Severe Aplastic Anemia Clinical Trial
Official title:
Eltrombopag Added to Standard Immunosuppression in Treatment-Naive Severe Aplastic Anemia
Background: - Severe aplastic anemia is a rare and serious blood disorder. It happens when the immune system starts to attack the bone marrow cells. This causes the bone marrow to stop making red blood cells, platelets, and white blood cells. Standard treatment for this disease is horse-ATG and cyclosporine, which suppress the immune system and stop it from attacking the bone marrow. However, this treatment does not work in all people. Some people still have poor blood cell counts even after treatment. - Eltrombopag is a drug designed to mimic a protein in the body called thrombopoietin. It helps the body to make more platelets. It may also cause the body to make more red and white blood cells. Studies have shown that eltrombopag may be useful when added to standard treatment for severe aplastic anemia. It may help improve poor blood cell counts. Objectives: - To test the safety and effectiveness of adding eltrombopag to standard immunosuppressive therapy for severe aplastic anemia. Eligibility: - Individuals at least 2 years of age who have severe aplastic anemia that has not yet been treated. Design: - Participants will be screened with a physical exam, medical history, and blood tests.

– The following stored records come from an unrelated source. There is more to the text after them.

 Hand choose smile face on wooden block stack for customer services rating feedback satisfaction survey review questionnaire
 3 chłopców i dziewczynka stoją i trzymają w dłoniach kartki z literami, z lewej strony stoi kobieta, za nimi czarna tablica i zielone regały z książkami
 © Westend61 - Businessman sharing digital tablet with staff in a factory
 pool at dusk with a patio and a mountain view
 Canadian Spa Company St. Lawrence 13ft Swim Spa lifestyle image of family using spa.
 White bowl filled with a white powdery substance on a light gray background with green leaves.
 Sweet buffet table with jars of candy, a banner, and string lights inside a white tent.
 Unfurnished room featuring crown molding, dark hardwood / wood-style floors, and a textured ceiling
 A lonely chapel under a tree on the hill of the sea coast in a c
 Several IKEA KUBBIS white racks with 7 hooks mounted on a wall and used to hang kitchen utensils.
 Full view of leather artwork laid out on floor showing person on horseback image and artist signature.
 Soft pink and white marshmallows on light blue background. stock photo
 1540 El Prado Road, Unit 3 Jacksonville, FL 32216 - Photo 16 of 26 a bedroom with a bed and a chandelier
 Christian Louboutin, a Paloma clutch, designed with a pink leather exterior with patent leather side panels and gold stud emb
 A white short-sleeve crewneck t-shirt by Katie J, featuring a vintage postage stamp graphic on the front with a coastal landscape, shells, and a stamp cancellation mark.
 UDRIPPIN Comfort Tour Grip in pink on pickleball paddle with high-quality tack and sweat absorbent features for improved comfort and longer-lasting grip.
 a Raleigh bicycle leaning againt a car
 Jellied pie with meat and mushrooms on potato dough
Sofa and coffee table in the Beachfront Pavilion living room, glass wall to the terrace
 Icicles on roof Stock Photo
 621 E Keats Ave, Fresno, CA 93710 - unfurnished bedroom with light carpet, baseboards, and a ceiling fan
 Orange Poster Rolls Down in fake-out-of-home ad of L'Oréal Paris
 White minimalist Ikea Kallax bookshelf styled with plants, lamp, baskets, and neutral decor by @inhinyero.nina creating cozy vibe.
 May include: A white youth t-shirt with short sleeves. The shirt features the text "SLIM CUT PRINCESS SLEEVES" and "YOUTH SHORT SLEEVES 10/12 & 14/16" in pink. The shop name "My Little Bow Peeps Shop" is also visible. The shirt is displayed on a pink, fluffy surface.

Blood and urine samples will be collected. - Participants will start treatment with horse-ATG and cyclosporine. Treatment will be given according to the standard of care for the disease. - Cohort 1: After 14 days, participants will start taking eltrombopag. They will take eltrombopag for up to 6 months. - Cohort 2: After 14 days, participants will start taking eltrombopag. They will take eltrombopag for up to 3 months. - Cohort 3 and Extension Cohort: Participants will start taking eltrombopag on Day 1. They will take eltrombopag for up to 6 months. - Participants may receive other medications to prevent infections during treatment. - Treatment will be monitored with frequent blood tests. Participants will also fill out questionnaires about their symptoms and their quality of life.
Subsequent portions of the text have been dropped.